Jakarta, ipc.co.id – Upaya Indonesia dalam mencapai net zero emisi dan mendorong transisi energi dilakukan dengan berbagai cara, salah satunya melalui skema kerjasama multilateral secara global yaitu Kemitraan Transisi Energi yang Adil atau Just Energy Transition Partnership (JETP ) . Namun keberadaannya, struktur kelembagaan serta dana hibah yang diberikan oleh negara-negara yang tergabung dalam G7 melalui instrumen JETP belum memiliki payung hukum, sehingga tidak ada legalitas untuk memperkuat implementasi program tersebut. DPR sebagai lembaga legislatif yang mempunyai peran penting dalam pelaksanaan kebijakan transisi energi berkeadilan.

“Saat ini keberadaan dan struktur kelembagaan JETP masih lemah karena tidak adanya peraturan yang mengaturnya. Peran DPR sebagai lembaga legislatif sangat penting, tidak hanya berfungsi di bidang legislasi, anggaran dan pengawasan saja, melainkan pelaksanaan kebijakan transisi energi berkeadilan perlu diperkuat,” ujar Agung Budiono, (Peneliti IPC) dalam memaparkan hasil Policy Paper pada Multi Stakeholder Forum yang oleh Indonesia Parliamentary Center dengan tema “Memperkuat Pengawasan DPR terhadap Transisi Energi yang Berkeadilan di Indonesia”, di Hotel Novotel, Cikini, Menteng, Jakarta Pusat pada Kamis (14/9).

Pembahasan khusus terkait JETP di ranah parlemen masih minim, khususnya di Komisi VII DPR RI yang menuaungi pembahasan energi, riset dan inovasi, serta industri. Saat ini pembahasan mengenai Rancangan Undang-Undang Energi Baru dan Terbarukan (RUU EBT) menjadi agenda terdekat bukan regulasi untuk JETP.

“Obrolan terkait JETP secara masif memang pernah ada sekitar bulan Februari 2023, setelah Sekretariat JETP dibentuk. Tapi tidak lama kemudian, pembahasannya redup dan menghilang seperti ramai diawal saja namun tidak ada tindak lanjutnya kembali.” ungkap Bravitasari Nafthalia, Tenaga Ahli Fraksi Partai Demokrat.

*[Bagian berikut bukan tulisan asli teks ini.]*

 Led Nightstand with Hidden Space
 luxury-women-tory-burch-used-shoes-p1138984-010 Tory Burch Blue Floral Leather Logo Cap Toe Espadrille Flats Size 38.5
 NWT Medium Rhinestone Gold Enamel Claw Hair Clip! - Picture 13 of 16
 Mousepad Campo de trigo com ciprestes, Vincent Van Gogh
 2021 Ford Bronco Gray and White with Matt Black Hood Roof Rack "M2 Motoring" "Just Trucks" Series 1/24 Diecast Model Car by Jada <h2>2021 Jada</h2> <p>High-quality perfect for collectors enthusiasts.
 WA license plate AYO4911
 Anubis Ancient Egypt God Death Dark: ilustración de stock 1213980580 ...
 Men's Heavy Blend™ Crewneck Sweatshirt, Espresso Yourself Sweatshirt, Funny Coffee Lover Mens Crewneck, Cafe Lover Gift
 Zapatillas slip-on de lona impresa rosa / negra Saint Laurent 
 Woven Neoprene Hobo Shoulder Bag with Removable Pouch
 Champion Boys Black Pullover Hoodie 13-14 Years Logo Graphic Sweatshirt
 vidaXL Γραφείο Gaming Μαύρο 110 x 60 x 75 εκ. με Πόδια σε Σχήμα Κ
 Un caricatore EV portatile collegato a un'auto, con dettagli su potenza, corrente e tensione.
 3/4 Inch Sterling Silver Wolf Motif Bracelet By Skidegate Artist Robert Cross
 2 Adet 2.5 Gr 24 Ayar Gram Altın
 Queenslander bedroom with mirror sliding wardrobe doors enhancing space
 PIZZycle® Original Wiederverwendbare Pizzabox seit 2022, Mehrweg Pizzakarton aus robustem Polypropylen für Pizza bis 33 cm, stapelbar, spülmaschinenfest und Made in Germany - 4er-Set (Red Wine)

Muhammad Sigit Cahyono, Tenaga Ahli Fraksi Partai Keadilan Sejahtera (PKS) mengatakan, implementasi transisi energi yang bermula energi fosil dan peralihan ke energi terbarukan memiliki dampak terhadap ekonomi, sosial dan lingkungan yang ada. Oleh karena itu, koordinasi dari berbagai pemangku kepentingan sangat diperlukan sehingga dapat mendorong adanya regulasi JETP. Jika bisa regulasi tersebut disetujui menjadi Undang-Undang, tidak hanya di tingkat Peraturan Pemerintah saja.

Dampak sosial dari gambaran transisi energi yang berkeadilan masih sangat tertinggal, khususnya dalam hal ketenagakerjaan yang dirasakan langsung oleh masyarakat. Peta jalan ketenagakerjaan dalam implementasi JETP masih belum ada kejelasan. Terlihat dari tidak adanya keterlibatan langsung oleh para pekerja hingga serikat buruh. Hal ini diungkapkan oleh perwakilan partai buruh.

“Upaya Indonesia dalam mencapai Net Zerro Emition perlu kita dorong, namun jangan sampai lupa dampaknya untuk masyarakat seperti para pekerja, buruh,UMKM sekitar, bahkan penduduk setempat. Sebenarnya kami tidak mengetahui terkait JETP maupun dokumen-dokumennya,” ujar Mohammad Yahya, anggota Partai Buruh.

Pernyataan tersebut diperkuat dengan temuan survei opini publik terkait JETP dalam Policy Brief yang disusun oleh Agung Budiono, lebih dari 1.245 orang responden secara nasional, terdapat 76% masyarakat Indonesia tidak mengetahui keberadaan JETP. Hal ini menunjukkan gambaran bahwa JETP belum terlalu dipahami oleh masyarakat luas dan cenderung elitis dan teknokratis.

Dari berbagai kendala tersebut Agung mengungkapkan, pemerintah perlu menerapkan prinsip good governance yaitu adanya keterbukaan, transparansi, partisipasi serta inklusifitas seperti membentuk platform informasi kordinasi yang memungkinkan seluruh terkait JETP dapat diakses oleh lebih banyak pihak agar dapat memberikan masukan ke dalam proses penyusunan, perencanaan, implementasi. . . , pemantauan serta evaluasi JETP.